为验证农户兼业、生产环节外包对农户种植结构影响存在地域差异,本文将9 个样本省份依据中国地理分区划分为东部(辽宁、江苏和广东)、中部(山西、河南和江西)和西部(宁夏、四川和贵州),并进行相应稳定性检验。

通过表4 可以看出,不同地区农户兼业和生产环节外包均在1%水平下显著正向影响农业种植结构“趋粮化”,这说明本文估计结果是相对稳健的,但不同地区之间还是存在差异。首先,农户兼业变量对东中西部农业种植结构影响的弹性系数分别为0.724、0.883 和0.813,这说明东部地区农户兼业对农业种植结构“趋粮化”的影响效果最小。其原因可能是东部相对中西部地区而言经济较为发达,劳动力非农就业机会多,农村劳动力外出务工距离较近,而中西部地区可能仍存在较多劳动力流出到东部发达地区,务工距离较远,劳动力刚性约束增大,从而决定了农户种植粮食作物的可能性越大[20]。其次,从生产环节外包变量的表现来看,东部地区生产环节外包对农业种植结构“趋粮化”的影响效果最大。东部地区经济、科技发达,生产外包市场发育完善,显然,随着非农收入占比的上升,东部地区农户更可能在农业生产过程中寻求外包服务来降低劳动成本,因粮食作物在外包时具有相对优势,农民会据此调整农业种植结构。另外,中部地区农户的性别、年龄、是否接受农业技术培训和村庄交通条件显著影响种植结构,而这几个变量对于东西部地区种植结构的影响却不显著;东部地区农户的家庭总收入对农业种植结构“趋粮化”有抑制作用。

2.3 中介效应检验

表5 进一步检验了农户兼业对种植结构“趋粮化”的影响过程中生产环节外包是否具有中介效应。通过表5 的回归结果可知,当农户兼业分别与生产环节外包和种植结构“趋粮化”进行单独回归时,农户兼业对生产环节外包和种粮决策均有显著正向影响。在将生产环节外包和农户兼业放入同一模型中回归时,农户兼业和生产环节外包均在1%水平下对种植结构“趋粮化”有显著正向影响,这说明在控制农户兼业这一变量后,生产环节外包这一中介变量依然显著正向影响种植结构“趋粮化”,并且生产环节外包在此过程中发挥了“部分地”中介效应,且中介效应占总效应的比重为14%。
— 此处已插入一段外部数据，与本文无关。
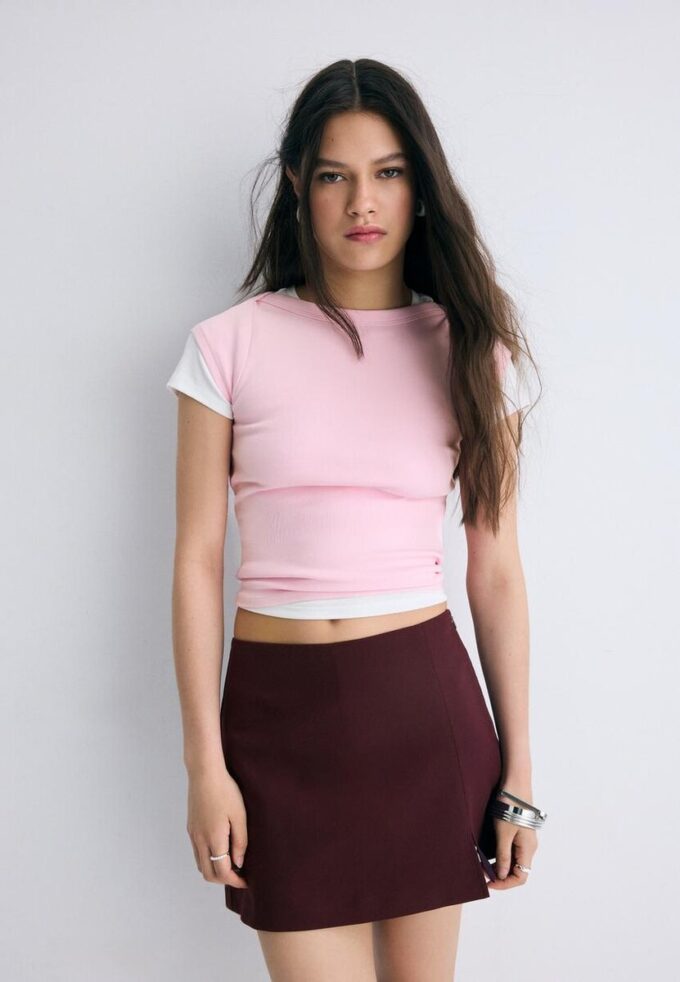 Skort con spacco laterale Skort con spacco laterale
表5 生产环节外包中介效应检验Table 5 Test on the intermediary effect of production outsourcing

3 结论

本文基于全国9 省样本调研数据,利用二元Probit 模型深入揭示了农户兼业、生产环节外包对种植结构“趋粮化”的影响,进而通过中介效应模型探究农户兼业和生产环节外包对种植结构调整的作用路径。结果表明:

1)总体来看,农户兼业和生产环节外包均对粮食作物种植具有显著正向影响。具体而言,农户兼业程度越高,越偏向扩大粮食作物的种植面积;农户种植粮食作物的比重随生产外包比例增高而扩大。

2)农户兼业既可以直接作用于种植结构调整,也可以通过生产环节外包间接的刺激农户种植粮食作物,生产环节外包在此过程中发挥14%的间接作用。这充分表明农户兼业在引导种植结构“趋粮化”的过程中,需要以生产环节外包为依托。
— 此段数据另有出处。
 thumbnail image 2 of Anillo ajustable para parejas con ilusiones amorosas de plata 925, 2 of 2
3)在控制变量中,被访者性别、家庭总收入、村庄地形和交通设施均会显著负向影响农户粮食种植结构,而被访者的年龄对种植结构“趋粮化”发挥积极作用。

4)农户兼业、生产环节外包对农户种植结构影响存在一定的地域差异,东部地区农户兼业对农业种植结构“趋粮化”的影响效果最小,反之,东部地区生产环节外包对农业种植结构“趋粮化”的影响效果最大。

4 政策建议

依据本文研究结论,为引导农户种植结构“趋粮化”,提出以下建议:

1)要辩证的看待农户兼业对农业生产带来的影响,充分发挥农户兼业对保障粮食安全的积极作用,有关部门要加大对兼业农户的扶持,为农村转移劳动力提供更加稳定的非农就业机会,消除农村劳动力转移的制度障碍,统筹城乡发展,推动农村剩余劳动力外流。
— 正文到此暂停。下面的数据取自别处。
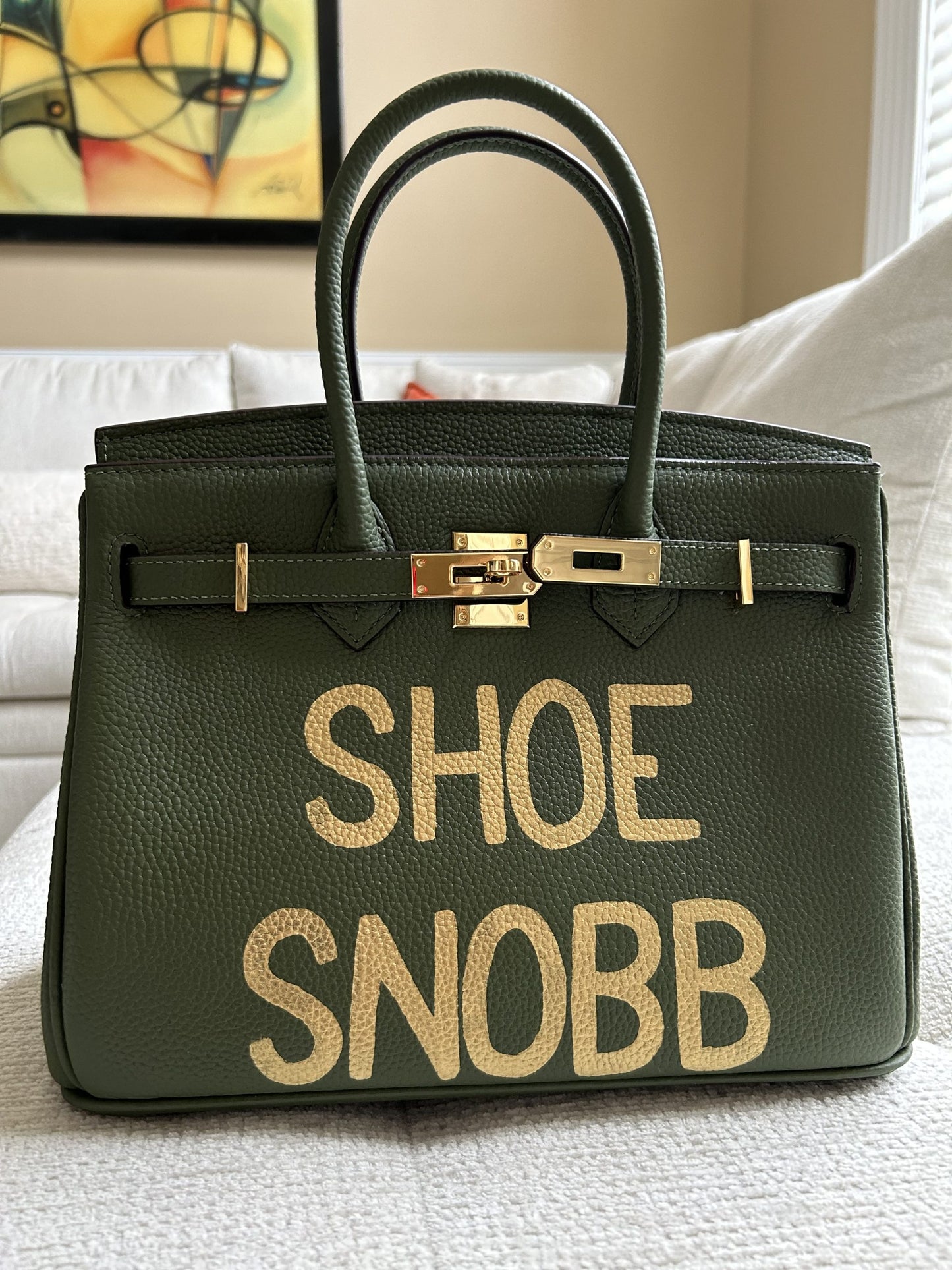 Gweneth Luxury Inspired_Army Green - Shoe Snobb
2)由于生产环节外包可以缓解农户兼业带来的劳动力约束,因而,在城镇化进程中,政府要大力推广生产外包服务,引导农户向现代化生产方式转变,同时,要完善生产服务体系建设,加大财政补贴,降低农户购买服务成本,提高农业生产过程中的外包服务率,满足农户生产过程中多元化的外包服务需求;另外,要引导农民跟上农业现代化的步伐,实现粮食作物向规模化、现代化生产经营方式转变。

3)由于东、中、西部地区农户兼业和生产环节外包对种植结构调整的影响存在差异,有关部门有必要在考察各地区兼业和外包的情况下,因地制宜的采取针对性的对策,推动中西部地区生产环节外包服务市场的完善,缓解农户兼业对东部地区种植结构调整带来的消极影响。

4)在农户兼业程度不断深化的背景下,粮食最低收购价政策通过基本的“托底”功能保障种粮农户的基本利益,保障农户种粮积极性,有助于稳定粮食生产,因而政府要制定合理的种粮补贴政策,保障农户收入,引导种植结构“趋粮化”,保障国家粮食安全。